** INFORMATION PROVIDED follows **
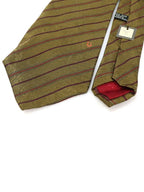 100 silk olive green striped pattern tie Dior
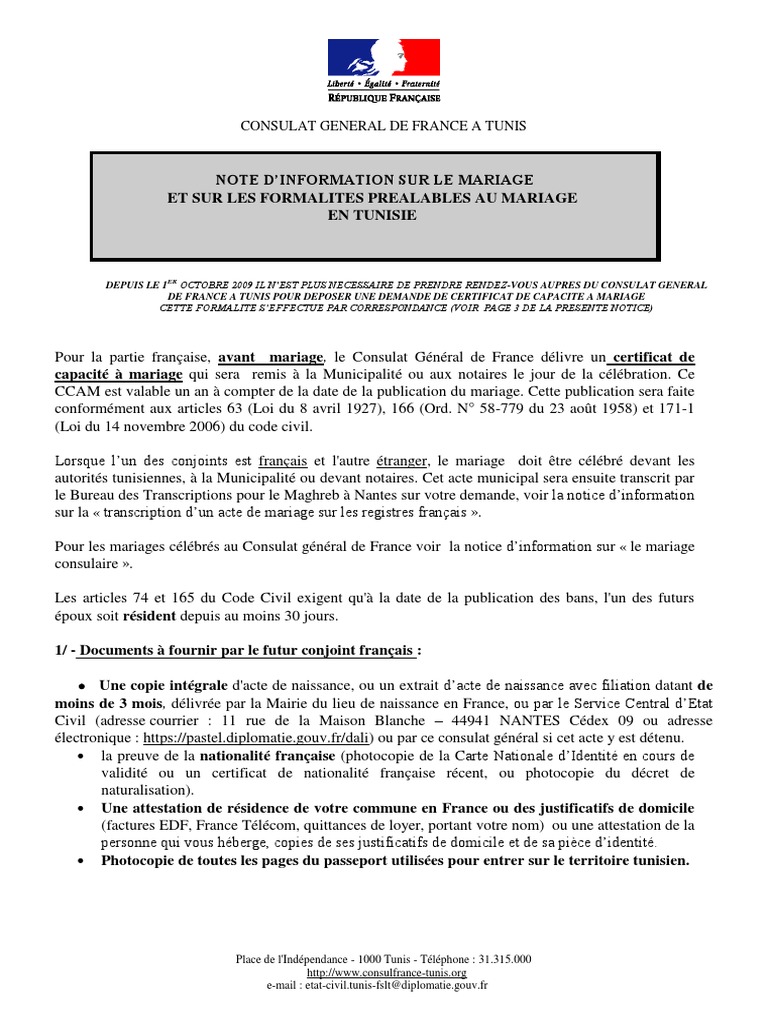 Consulat General De France A Tunis Certificat De Naissance Document D Identite
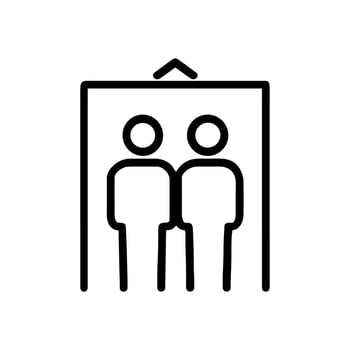 Stylized illustration Two people in elevator. Icon symbol illustration vector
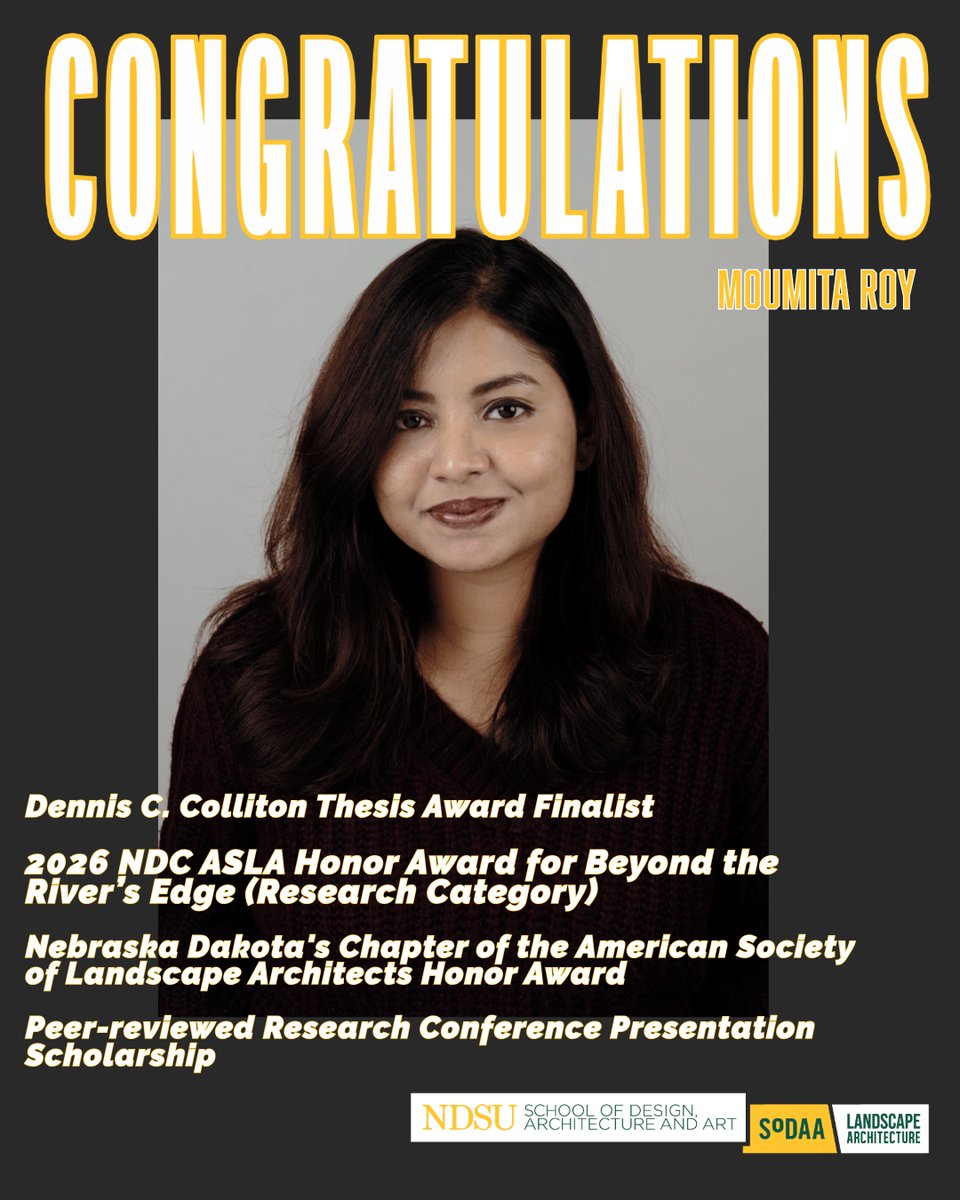 sodaamla's tweet photo. Celebrating Excellence 🎉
** End of INFORMATION PROVIDED **
== WHAT THE EXERCISE ASKS ==
Copy out all the data exactly; skip the pictures.

== RESULT ==
 100 silk olive green striped pattern tie Dior
 Consulat General De France A Tunis Certificat De Naissance Document D Identite
 Stylized illustration Two people in elevator. Icon symbol illustration vector
 sodaamla's tweet photo. Celebrating Excellence 🎉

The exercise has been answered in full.